Source data:
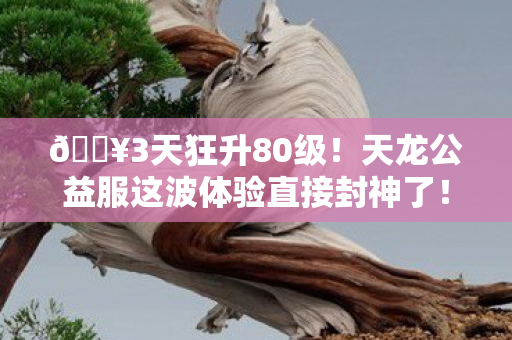 🔥3天狂升80级！天龙公益服这波体验直接封神了！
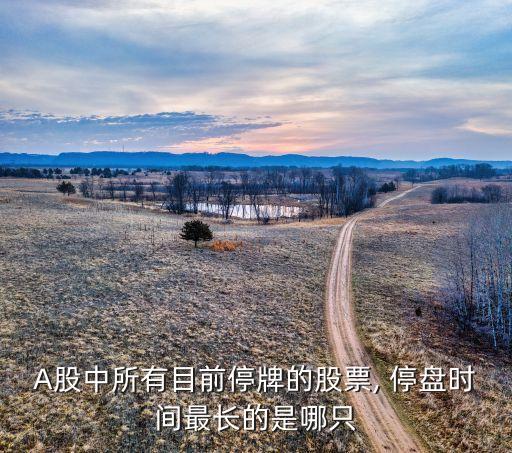 A股中所有目前停牌的股票, 停盤時間最長的是哪只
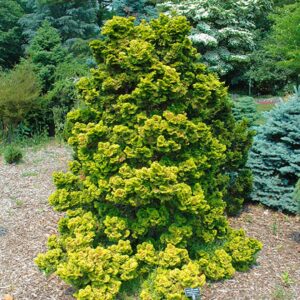 Golden Hinoki Cypress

Task goal: Return the listing above word for word. Keep the images out.

Answer to this exercise:
 🔥3天狂升80级！天龙公益服这波体验直接封神了！
 A股中所有目前停牌的股票, 停盤時間最長的是哪只
 Golden Hinoki Cypress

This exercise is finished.